Derivation of a Cost-Sensitive COVID-19 Mortality Risk Indicator Using a Multistart Framework

Abstract

The overall global death rate for COVID-19 patients has escalated to 2.13% after more than a year of worldwide spread. Despite strong research on the infection pathogenesis, the molecular mechanisms involved in a fatal course are still poorly understood.Machine learning constitutes a perfect tool to develop algorithms for predicting a patient’s hospitalization outcome at triage. This paper presents a probabilistic model, referred to as a mortality risk indicator, able to assess the risk of a fatal outcome for new patients. The derivation of the model was done over a database of 2,547 patients from the first COVID-19 wave in Spain. Model learning was tackled through a five multistart configuration that guaranteed good generalization power and low variance error estimators. The training algorithm made use of a class weighting correction to account for the mortality class imbalance and two regularization learners, logistic and lasso regressors. Outcome probabilities were adjusted to obtain cost-sensitive predictions by minimizing the type II error. Our mortality indicator returns both a binary outcome and a threestage mortality risk level. The estimated AUC across multistarts reaches an average of 0.907. At the optimal cutoff for the binary outcome, the model attains an average sensitivity of 0.898, with a 0.745 specificity.

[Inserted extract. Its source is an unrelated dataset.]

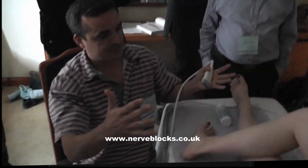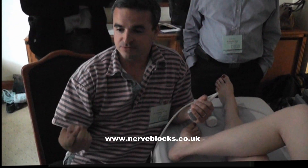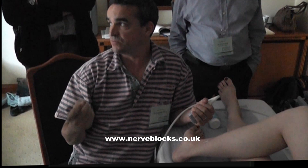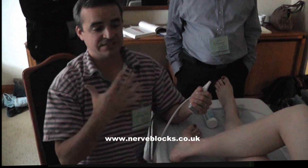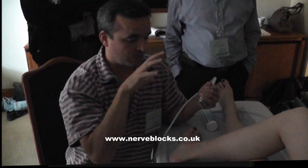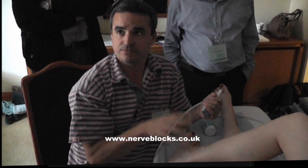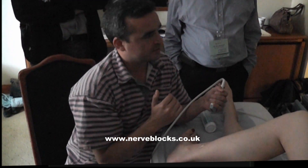So, first of all, the general setup. I'm right-handed, I like to do as much needling as I can with my right hand. So if we set the patient up so I'm standing or sitting on their left-hand side, I can block all the nerves on both feet from this position, which minimises the amount of moving equipment around the room.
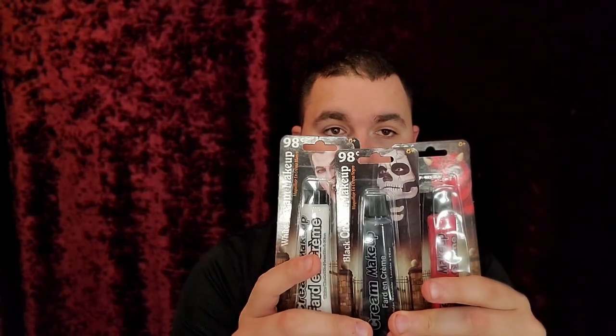Welcome back to the channel. Today I'm going to be doing my clown makeup because tomorrow is Halloween — or today if you're watching the video on that day. I talked to you guys last time that I was going to use dollar brand makeup. It's an easy way to do makeup on a budget, and I want to show you guys what you can do on the fly.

An independent set of 121 patients later released from the same consortium attained perfect sensitivity (1), with a 0.759 specificity when predicted by our model. Best performance for the indicator is achieved when the prediction’s time horizon is within two weeks since admission to hospital. In addition to a strong predictive performance, the set of selected features highlights the relevance of several underrated molecules in COVID-19 research, such as blood eosinophils, bilirubin, and urea levels.